| PROBLEM STATEMENT |
Could you return all of the entries word for word, minus any pictures?

| INFORMATION SUPPLIED |
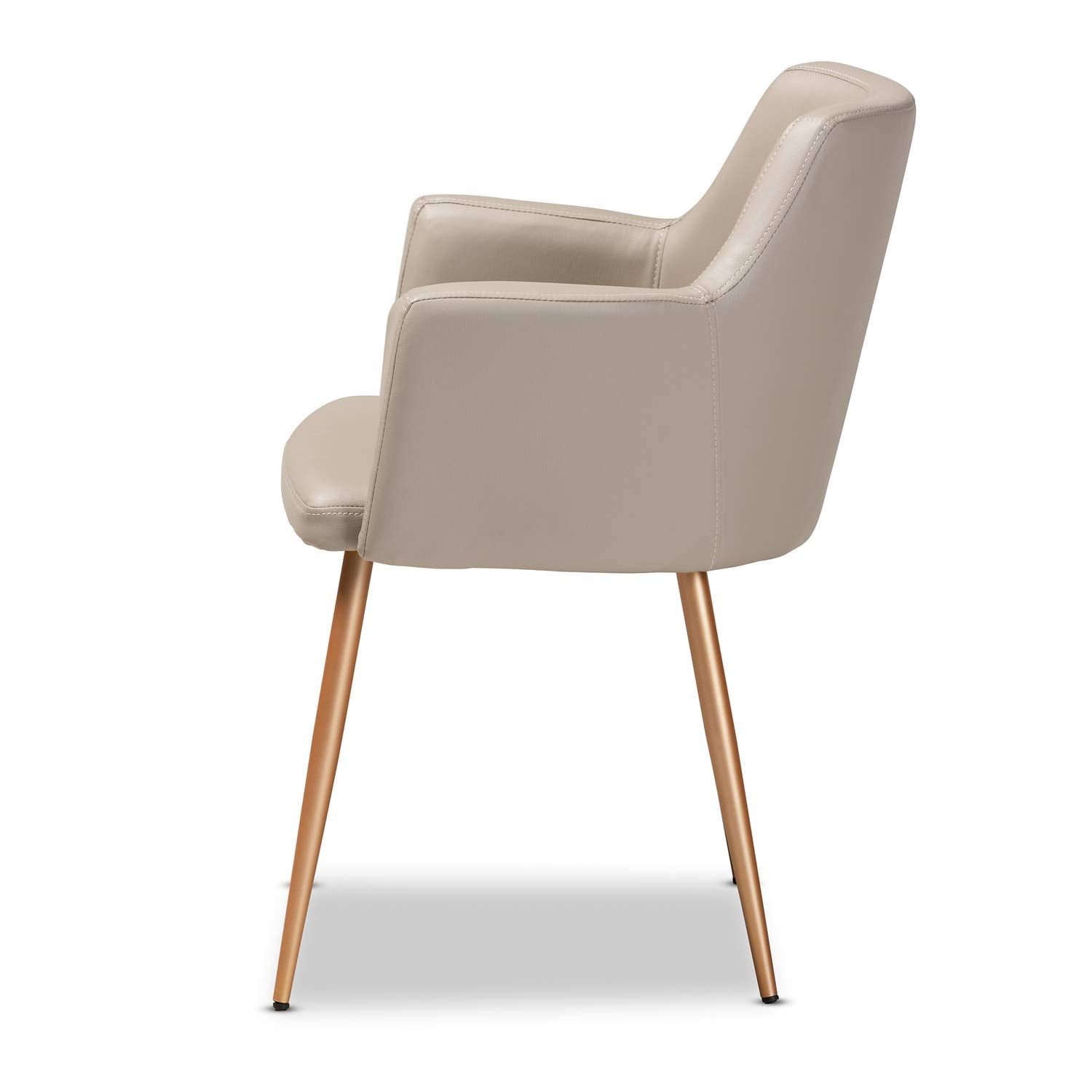 Baxton Studio Martine Beige Faux Leather Upholstered Gold Metal Dining Chair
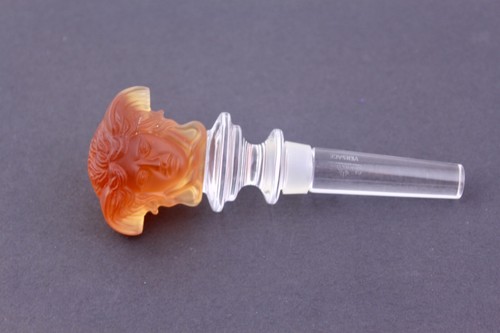 VERSACE ROSENTHAL AMBER CRYSTAL MEDUSA BOTTLE STOPPER - MINT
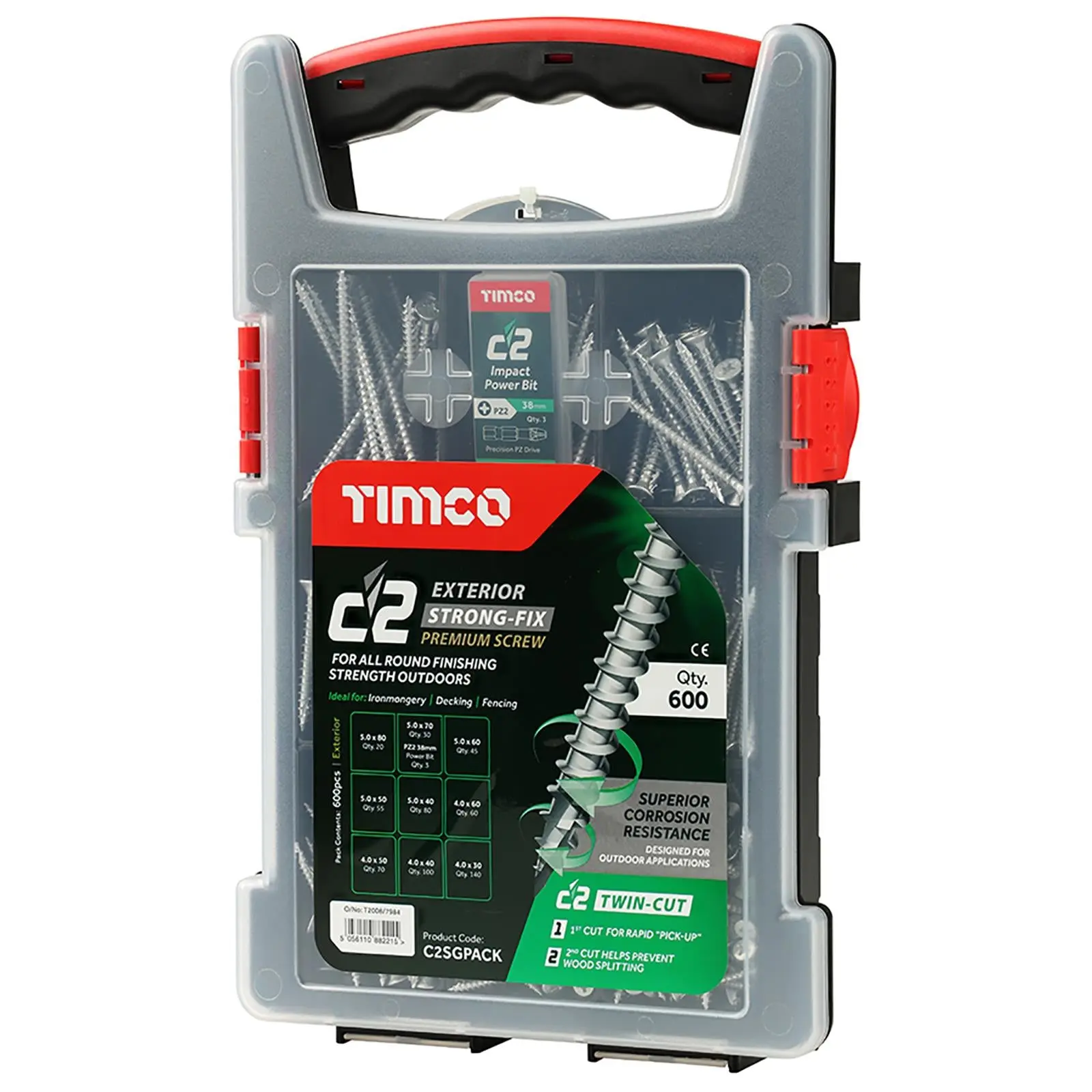 TIMCO C2 Exterior Strong Fix Premium External Screw Pozi Mixed Grab Pack 600 Screws - Image 3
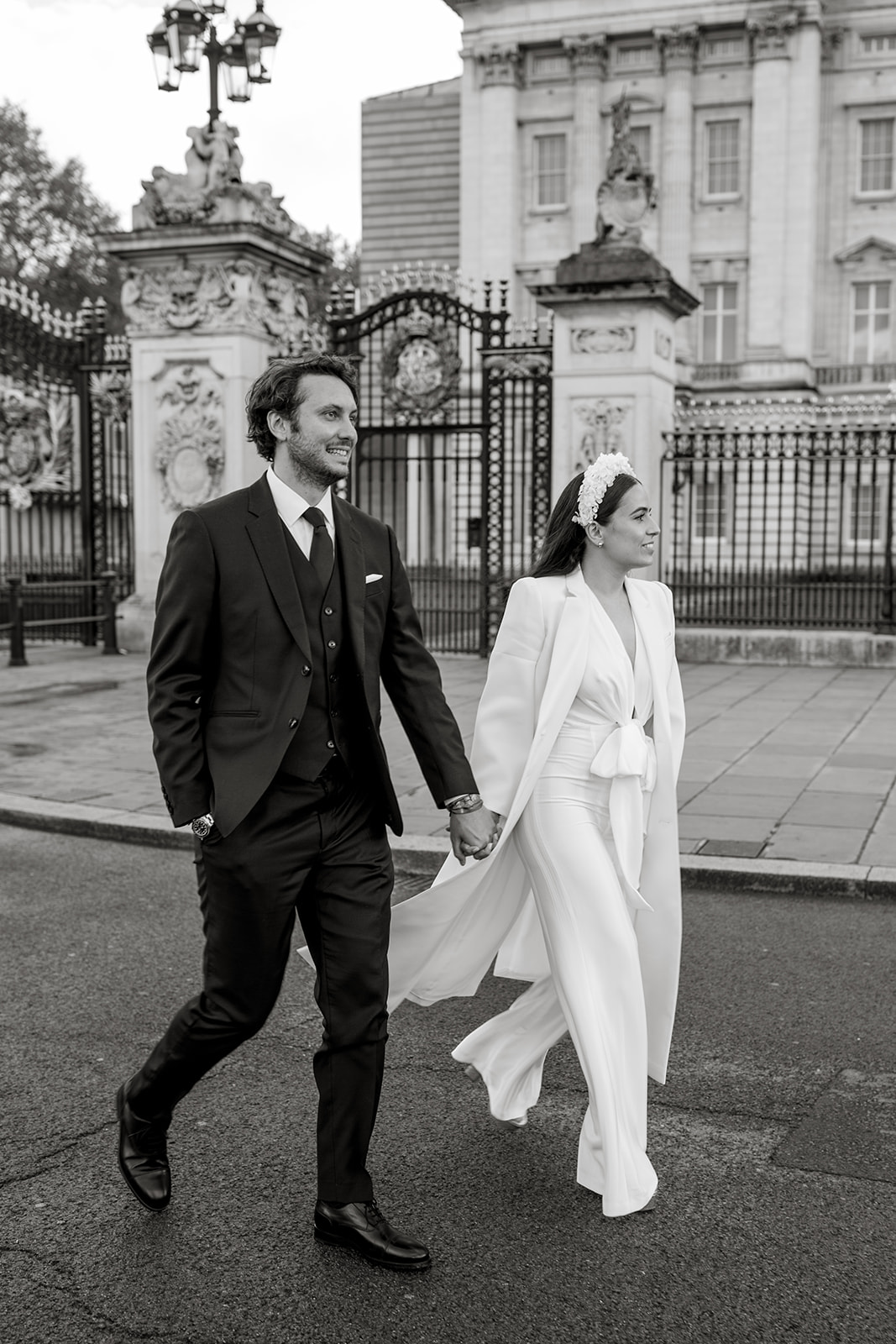 modern bride and groom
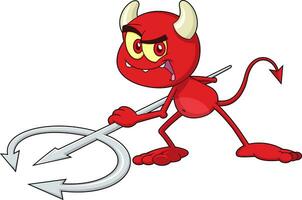 Little Red Devil Cartoon Character With Pitchfork. Vector Hand Drawn Illustration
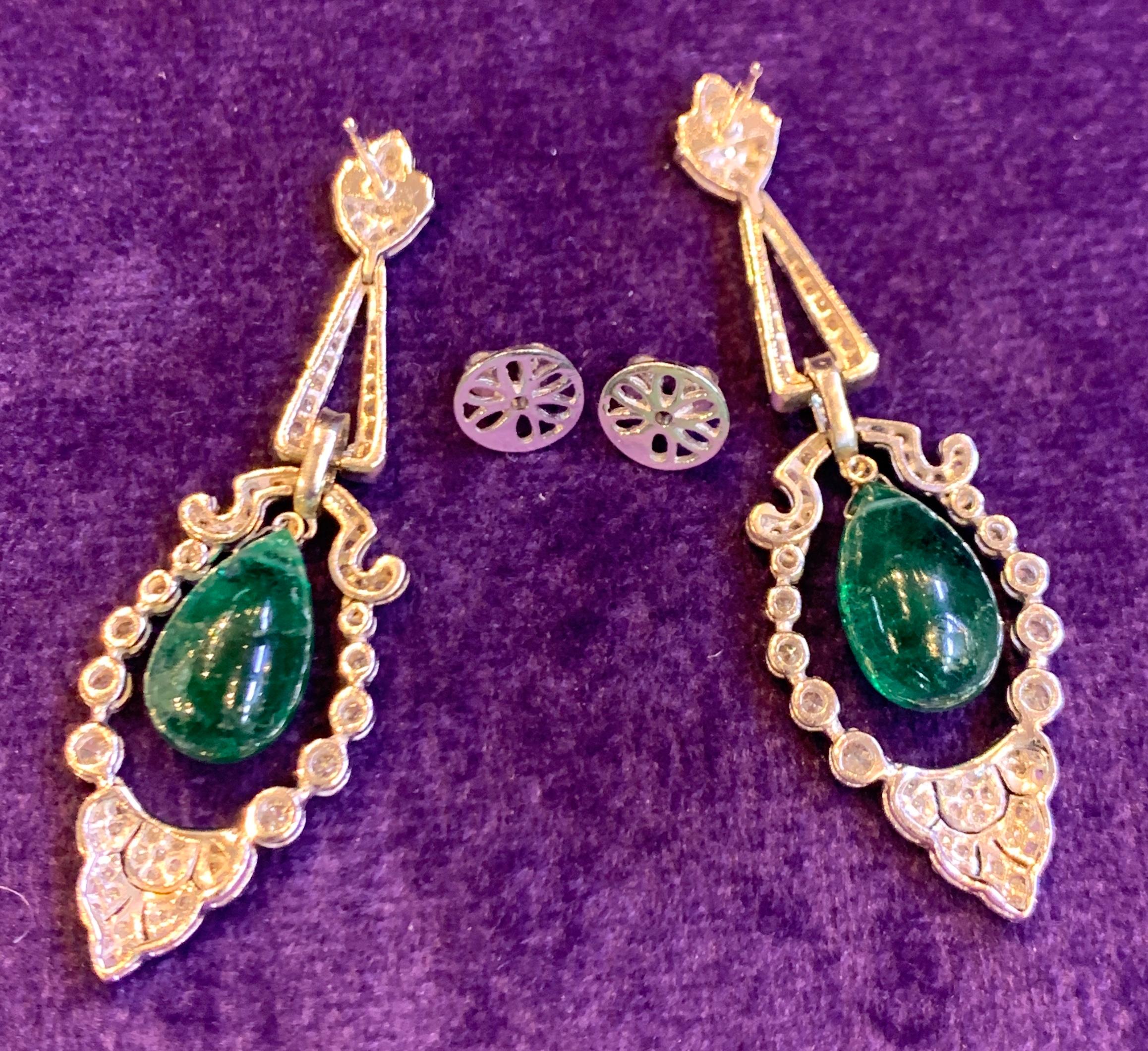 Smaragd- und Diamant-Kronleuchter-Ohrringe Damen im Angebot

| YOUR RESPONSE |
 Baxton Studio Martine Beige Faux Leather Upholstered Gold Metal Dining Chair
 VERSACE ROSENTHAL AMBER CRYSTAL MEDUSA BOTTLE STOPPER - MINT
 TIMCO C2 Exterior Strong Fix Premium External Screw Pozi Mixed Grab Pack 600 Screws - Image 3
 modern bride and groom
 Little Red Devil Cartoon Character With Pitchfork. Vector Hand Drawn Illustration
 Smaragd- und Diamant-Kronleuchter-Ohrringe Damen im Angebot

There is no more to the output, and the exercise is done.